* _Input data_

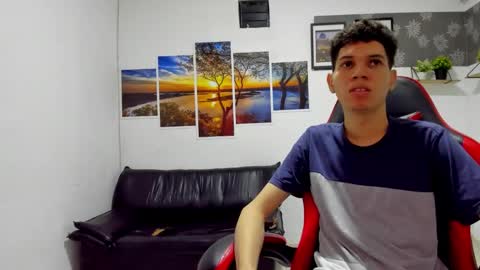 Snapshot of andrew_2811 chatting on 12-19-25, 09:05 andrew_2811 online show from 12-19-25, 09:05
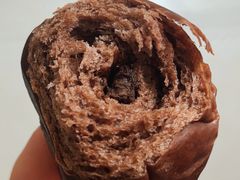 法芙娜巧克力海盐羊角-OUR Bakery(SKP-S店)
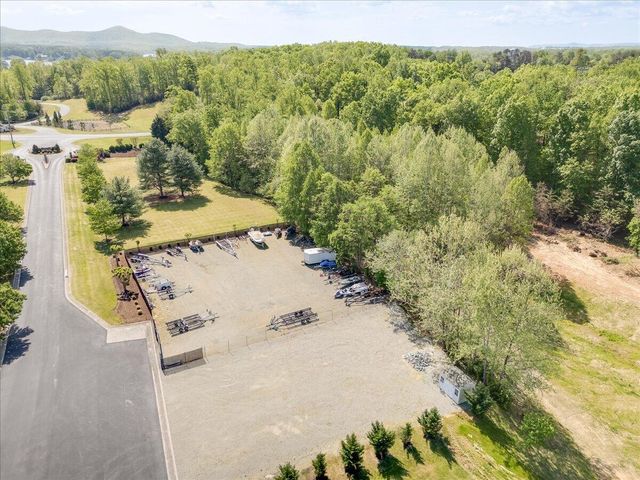 225 Lands End CIR, Union Hall, VA 24176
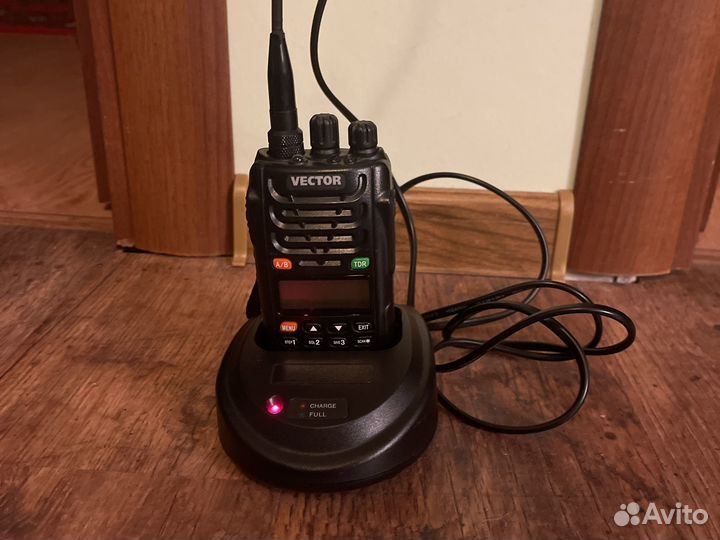 Рация vector vt 48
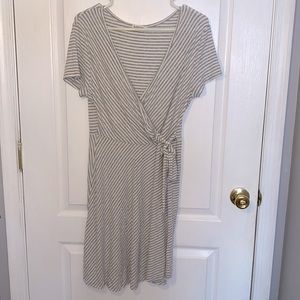 Wrap around mini dress V neck/L/Heather grey/NWOT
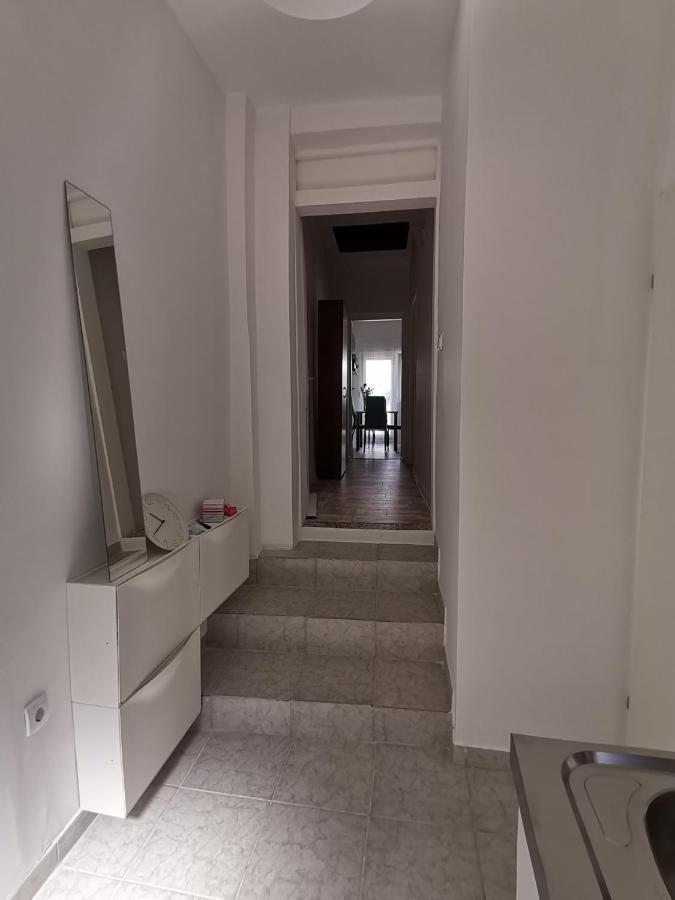 Ema & Mila 2 Apartment Knin Exterior foto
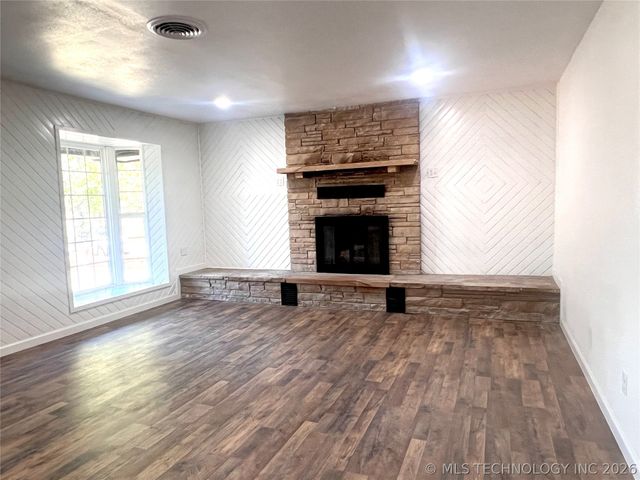 563 W Chambers Road, Mcalester, OK 74501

* _Task requirements_
Only the pictures stay behind; everything else in the data above is to be retyped exactly.

* _Answer to this problem_
 Snapshot of andrew_2811 chatting on 12-19-25, 09:05 andrew_2811 online show from 12-19-25, 09:05
 法芙娜巧克力海盐羊角-OUR Bakery(SKP-S店)
 225 Lands End CIR, Union Hall, VA 24176
 Рация vector vt 48
 Wrap around mini dress V neck/L/Heather grey/NWOT
 Ema & Mila 2 Apartment Knin Exterior foto
 563 W Chambers Road, Mcalester, OK 74501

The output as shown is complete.